*** Opening of EXTRACTED MATERIAL ***
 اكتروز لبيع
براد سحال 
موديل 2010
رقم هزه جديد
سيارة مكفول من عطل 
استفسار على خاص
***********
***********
*** Close of EXTRACTED MATERIAL ***
*** Opening of EXTRACTED MATERIAL ***
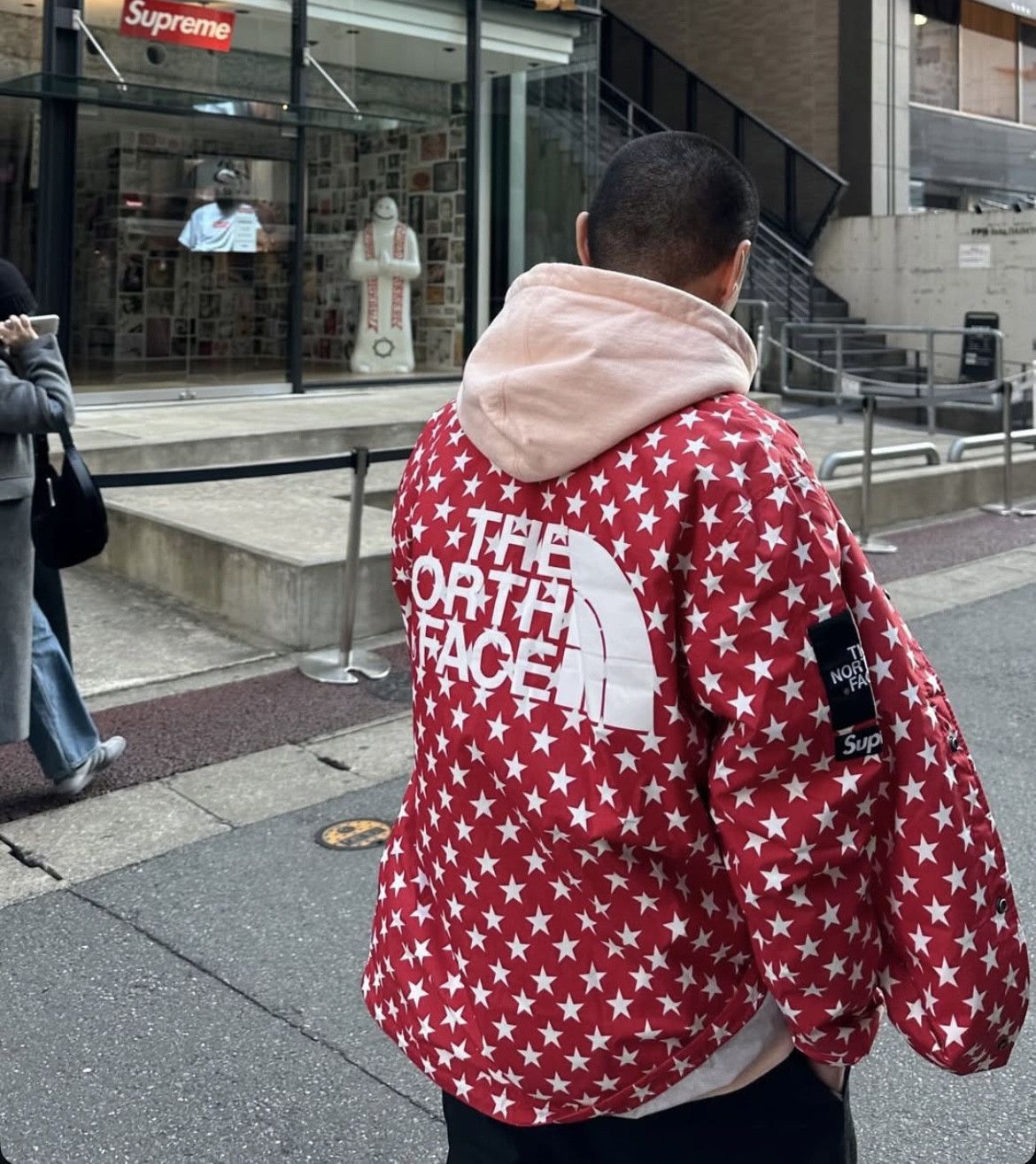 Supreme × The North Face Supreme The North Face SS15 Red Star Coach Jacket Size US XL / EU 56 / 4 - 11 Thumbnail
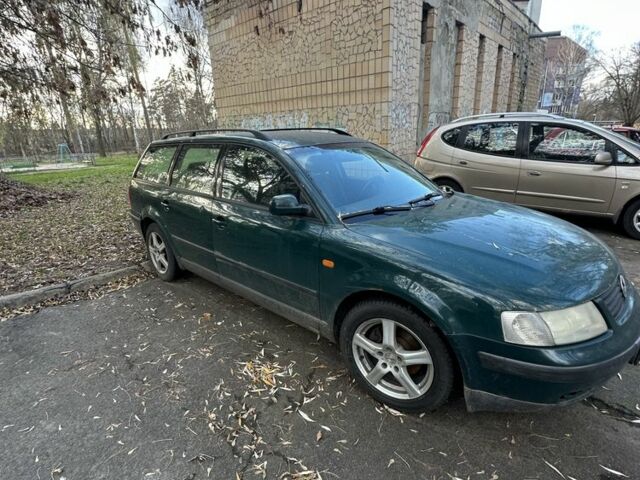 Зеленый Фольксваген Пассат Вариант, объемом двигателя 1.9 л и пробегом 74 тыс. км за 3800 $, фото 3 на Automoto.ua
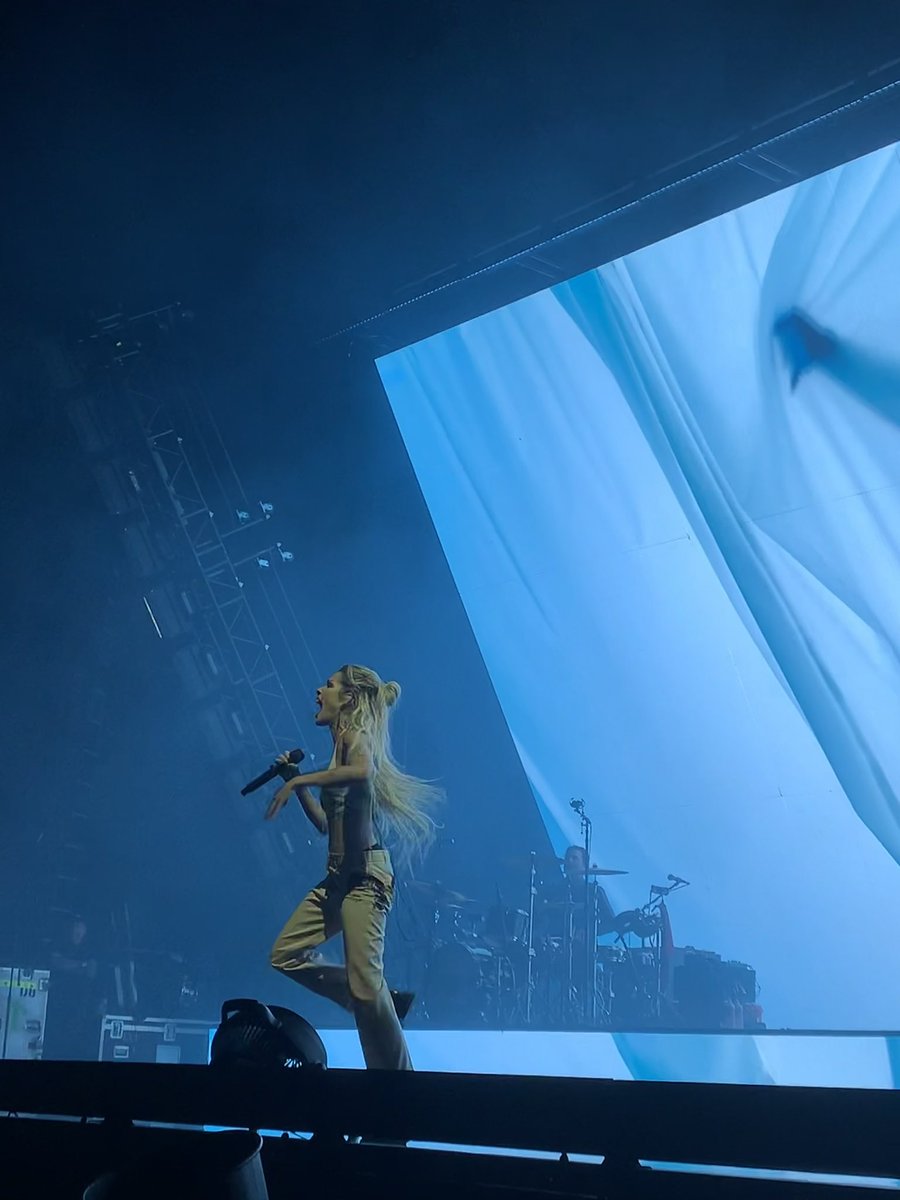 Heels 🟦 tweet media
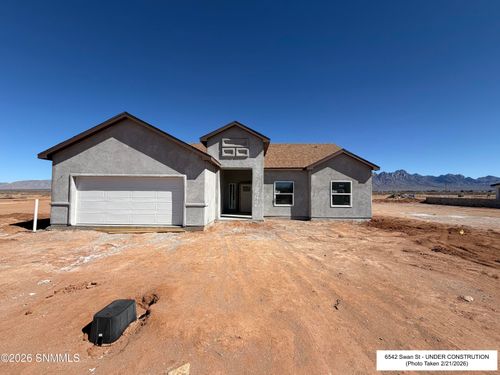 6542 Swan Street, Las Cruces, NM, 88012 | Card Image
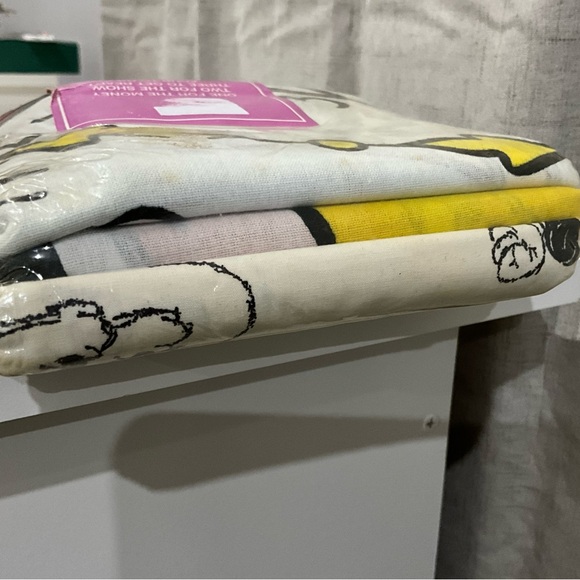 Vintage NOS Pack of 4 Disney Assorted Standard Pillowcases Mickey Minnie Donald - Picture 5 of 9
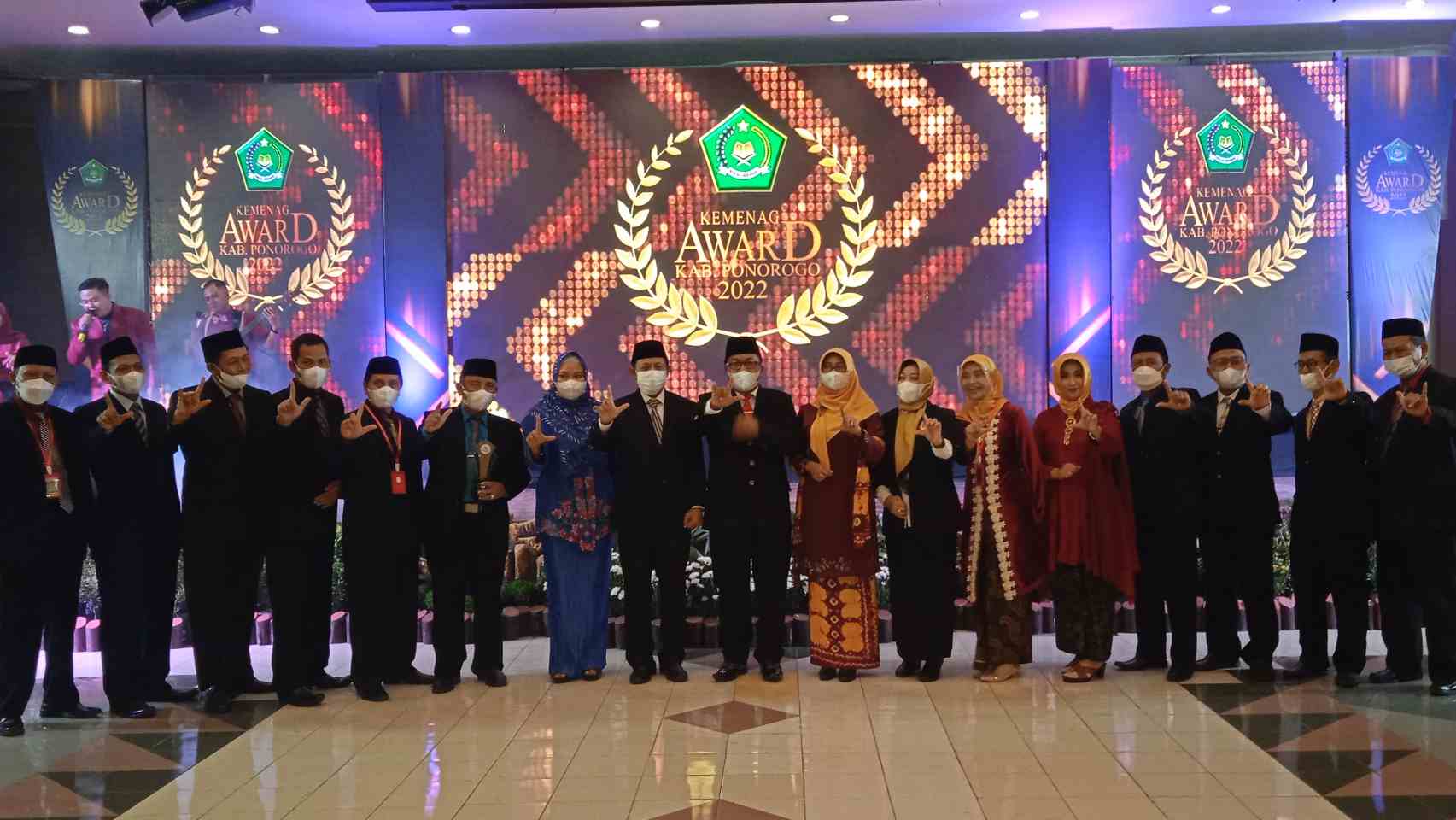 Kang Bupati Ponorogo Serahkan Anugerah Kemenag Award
*** Close of EXTRACTED MATERIAL ***
> [WHAT IS BEING ASKED]: All that should appear in the answer is the lines above from the line with "Heels 🟦 tweet media" through the line with "Kang Bupati Ponorogo", retyped exactly, pictures left out.

> [RESPONSE BELOW]:
 Heels 🟦 tweet media
 6542 Swan Street, Las Cruces, NM, 88012 | Card Image
 Vintage NOS Pack of 4 Disney Assorted Standard Pillowcases Mickey Minnie Donald - Picture 5 of 9
 Kang Bupati Ponorogo Serahkan Anugerah Kemenag Award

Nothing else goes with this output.